Fun With Re-Amping

So, a few weeks ago we recorded Mr. Chuck West performing this awesome song called ‘Don’t Taze Me Bro’.
Our final assignment included a requirement for re-amping. I could have done this in the audio lab, but our professor told us a rather inspiring story of someone who re-amped something last year inside of a mailbox. So I thought of the most random places and ways I could re-amp things, and I gave it a go.

I initially tried my Blue Yeti in the dryer with my phone. But not even Snuggles dryer sheets could make that sound squeezably soft...or salvagable for that matter.

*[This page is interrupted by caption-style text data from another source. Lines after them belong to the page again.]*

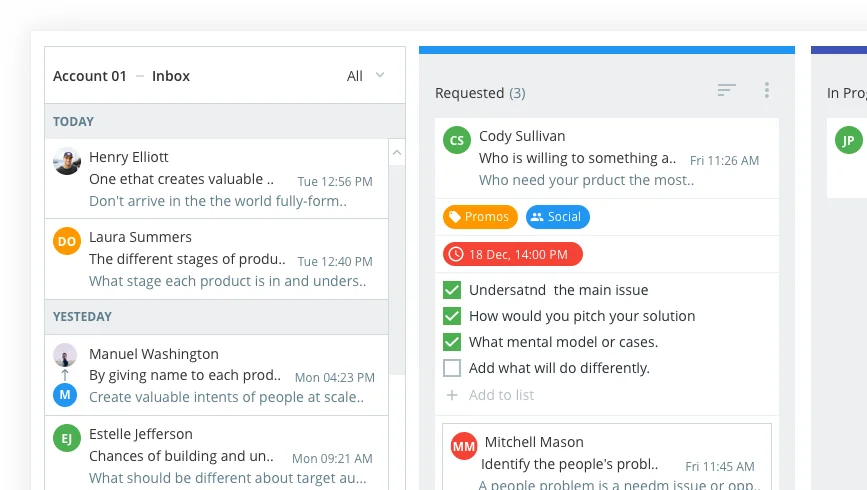 Flow-e screenshot 1 of 9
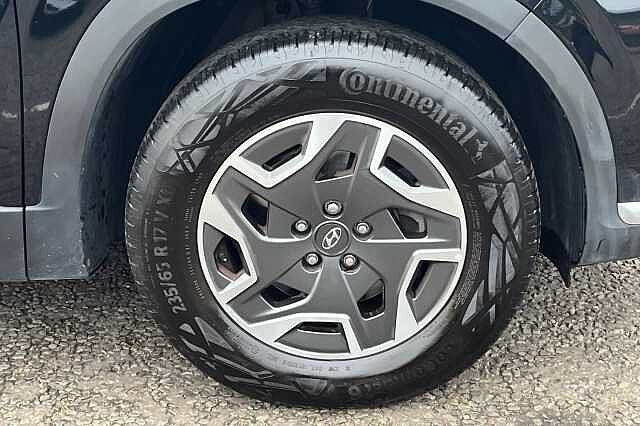 Hyundai SANTA FE 1.6 H T Gdi Premium Suv 5dr Petrol Hybrid Auto Euro 6 (s/s) (230 Ps) Abyss Black
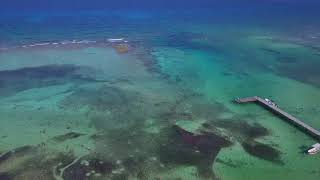 Beach Escape Tour  Mahahual Costa Maya [upl. by Lerret588]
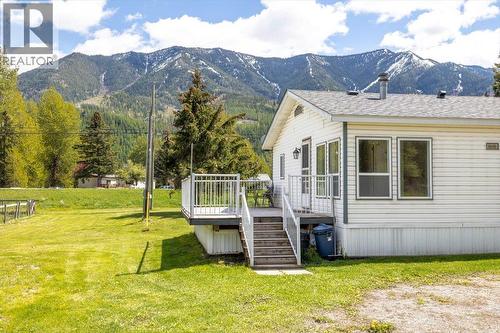 1989 3 Highway, Fernie, BC 
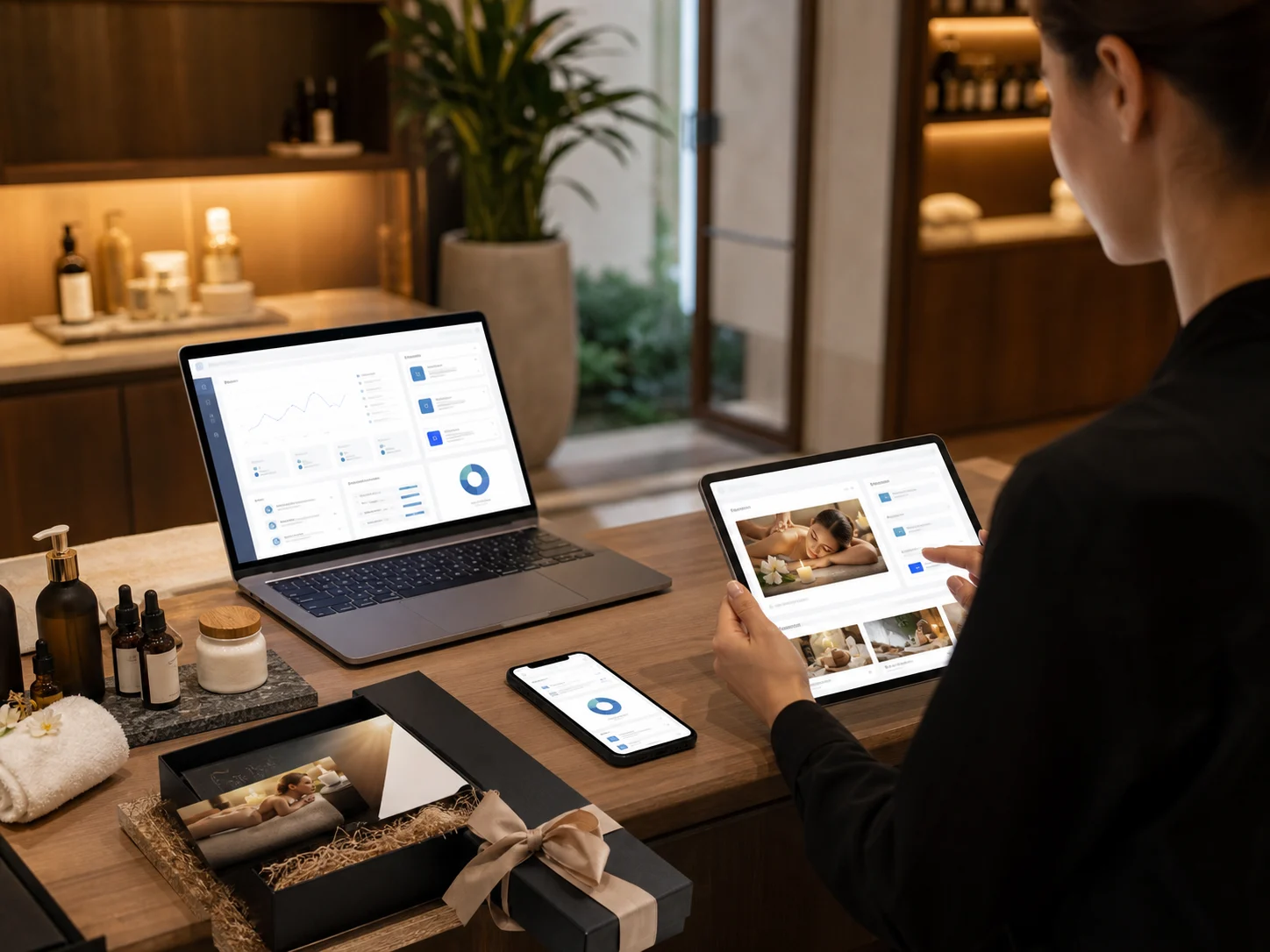 Promozioni intelligenti, non sconti a caso. Codici promozionali e marketing voucher SPA Scidoo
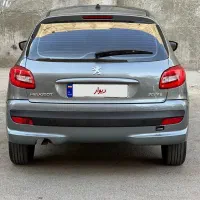 207 پانوراما مدل 1401|خودرو سواری و وانت|مشهد, شهید مطهری|دیوار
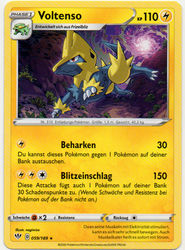 Flammende Finsternis 059/189 Voltenso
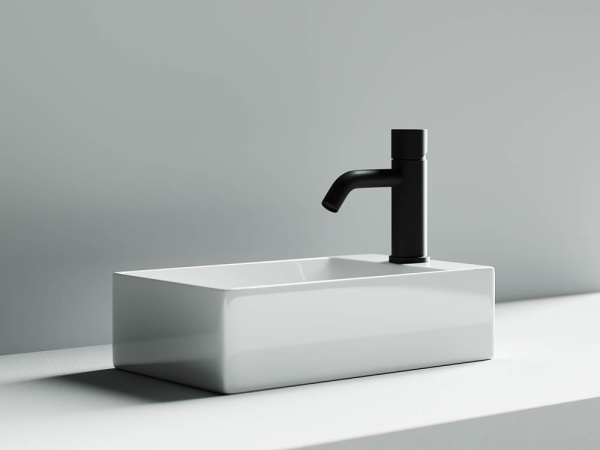 Раковина подвесная (37,5х21,5) Sancos  Element CN5007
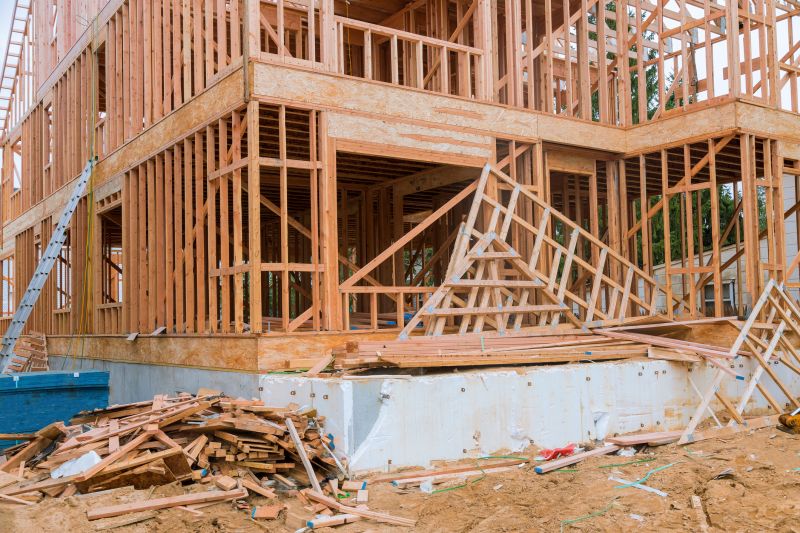 Base Framing in Kansas City, KS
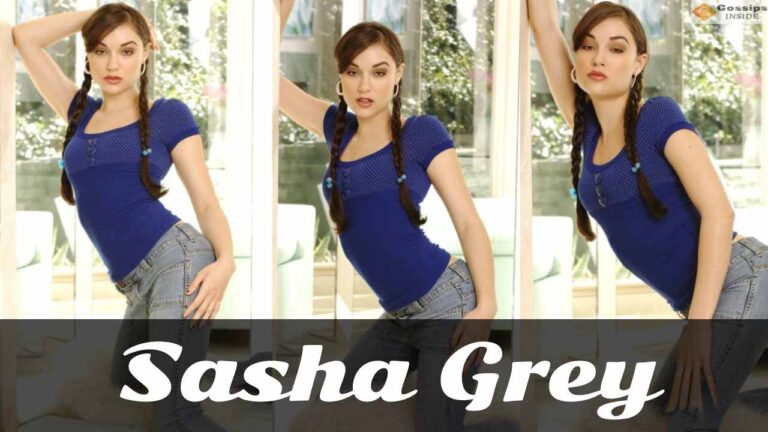 Sasha Grey Journey Biography, Real Name, Age, Early Life, Career, Photos - gossipsinside.com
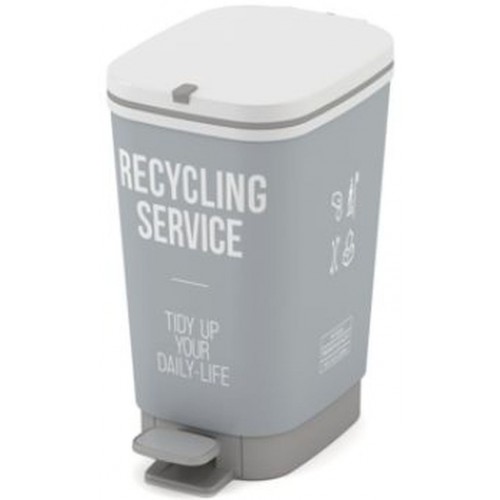 KIS CHIC BIN S 10L HOME SERVICE odpadkový kôš 18x27x30cm KIS CHIC BIN S 10L HOME SERVICE odpadkový kôš 18x27x30cm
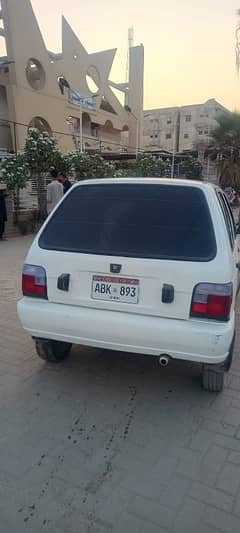 Suzuki Mehran VX 1998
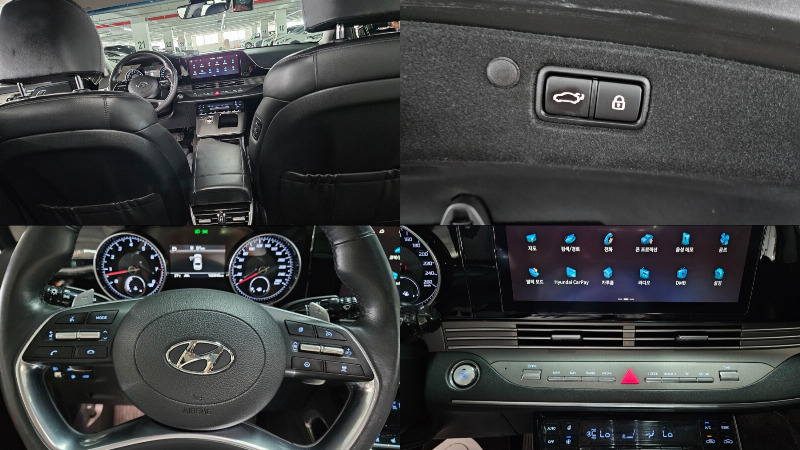 car Hyundai Grandeur id343143 photo #18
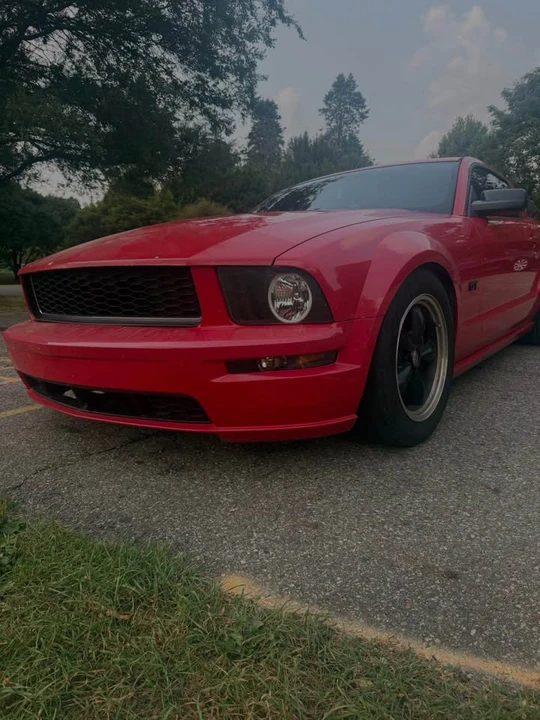 2006 Ford S197 Mustang GT - Image 5 of 5
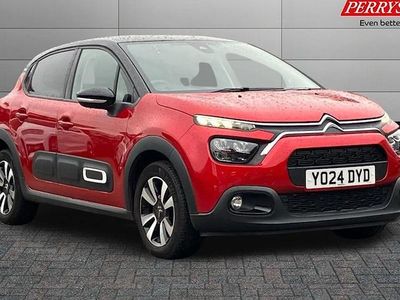 Used 2024 Citroën C3 PureTech Hatchback | £12,790 (Fair price)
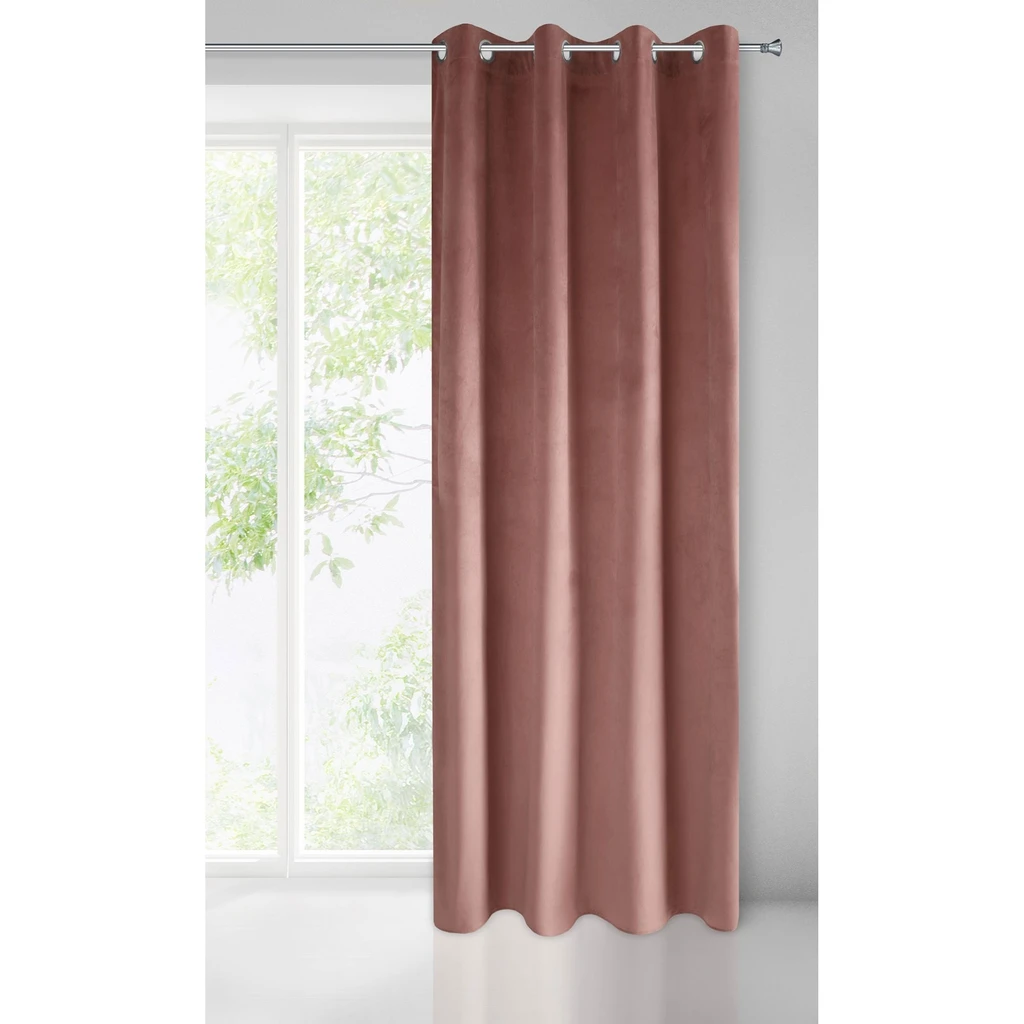 Záves PIERRE s kolieskami 140 x 250 cm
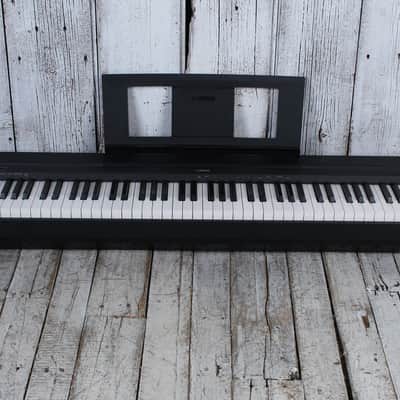 Yamaha P-35 Digital Piano 88 key Digital Piano w Graded Hammer Standard Keyboard image 1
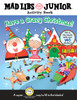 Have a Crazy Christmas!: Mad Libs Junior Activity Book - ISBN: 9780843189391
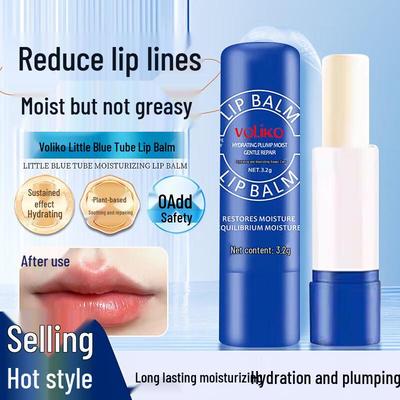 Make-up na rty – Balzámy na rty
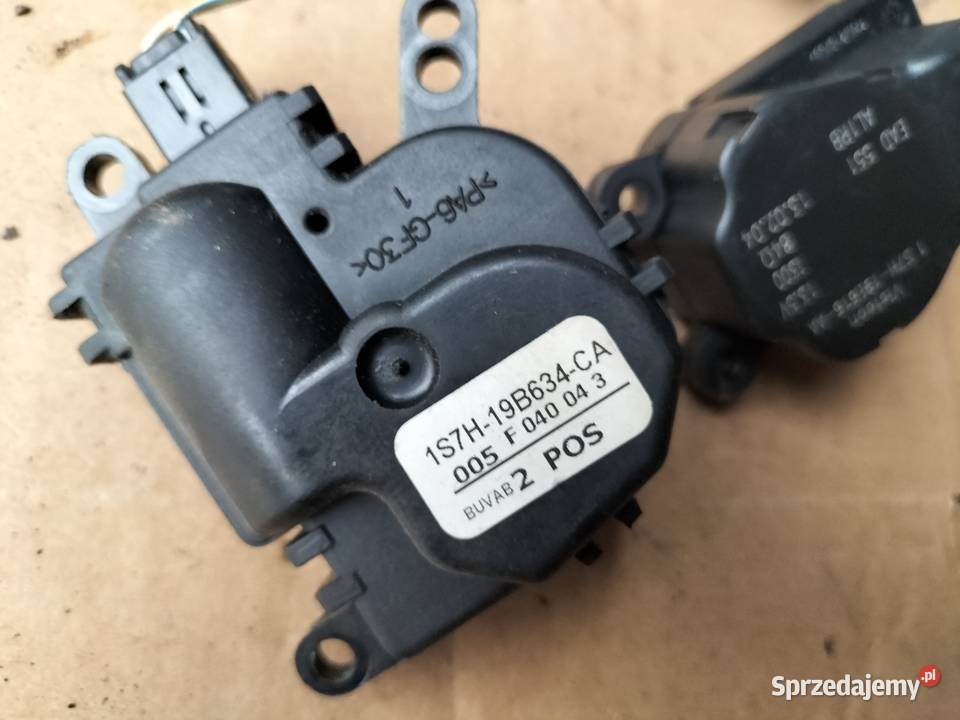 MONDEO MK3 SILNICZKI REGULATORY NAGRZEWNICY Kamień-Kolonia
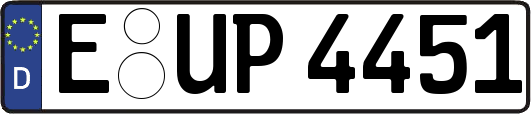 E-UP4451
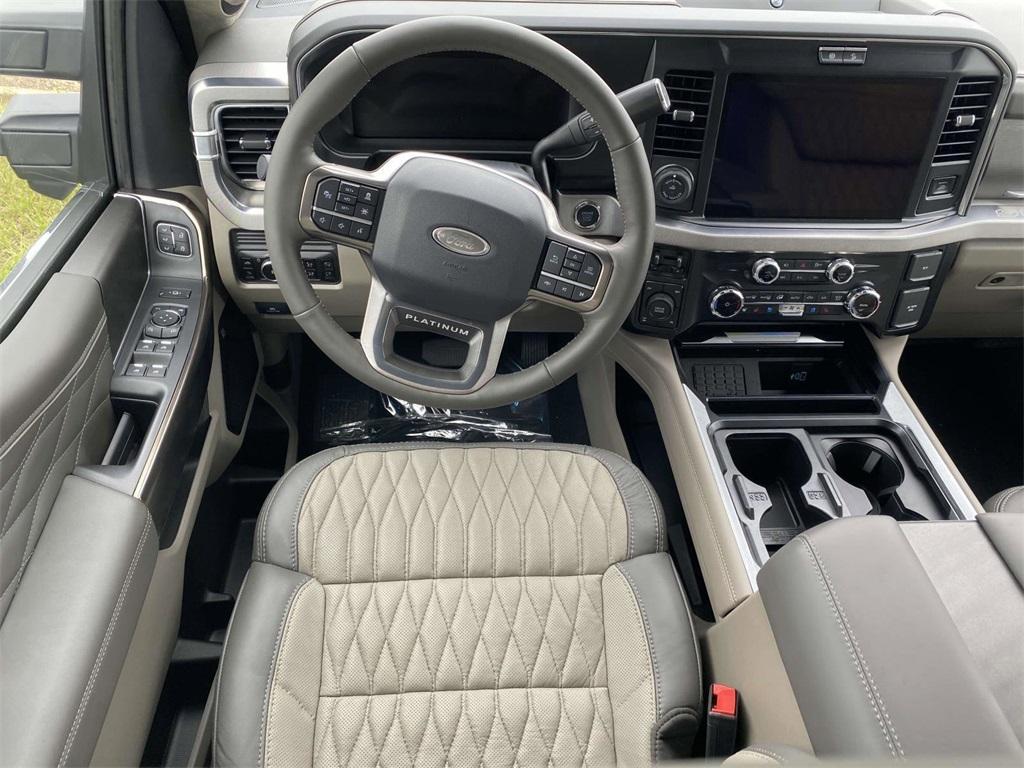new 2025 Ford F-350 car, priced at $103,365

I initially tried my Blue Yeti in the dryer with my phone. But not even Snuggles dryer sheets could make that sound squeezably soft…or salvageable for that matter.

For the vocal and harmonica track, I set up 5 empty water bottles and one half empty one. (Who says I don’t recycle?) I set a Zoom H4n on top of the bottles and set my iPhone playing the track in between the bottles. Finally, I put a plastic trash bin over the top of all of it. I enjoyed the result. As the song is a subliminal jab at the feds, it felt the megaphone sound it ended up producing on his voice was fitting.

Zoom recorder on top of (mostly) empty water bottles. Please always recycle.

Zoom recorder on top of (mostly) empty water bottles. Please always recycle.

I wanted to do something with the guitar track, and I had this great idea of putting the Zoom and my phone in a plastic container and putting it underwater. However, all my plastic containers had poor watertight integrity, and I couldn’t afford to buy Media Loan a new recorder. So I instead chose a glass jar. I began with the recorder and phone in the jar alone (Ha. I made a rhyme.) but decided to add a microfiber glove since the initial results were overbearing. I liked the results because in addition to the guitar, the glass gave off a weird whistling sound.

This jar is amazing for lemonade. It's also great for getting the weird sounds out of guitar tracks.

This jar is amazing for lemonade. It’s also great for getting the weird sounds out of guitar tracks.

I don’t think the end product was the greatest, but it definitely got me re-amped (no pun intended) about continuing on to our sound design for film units next quarter.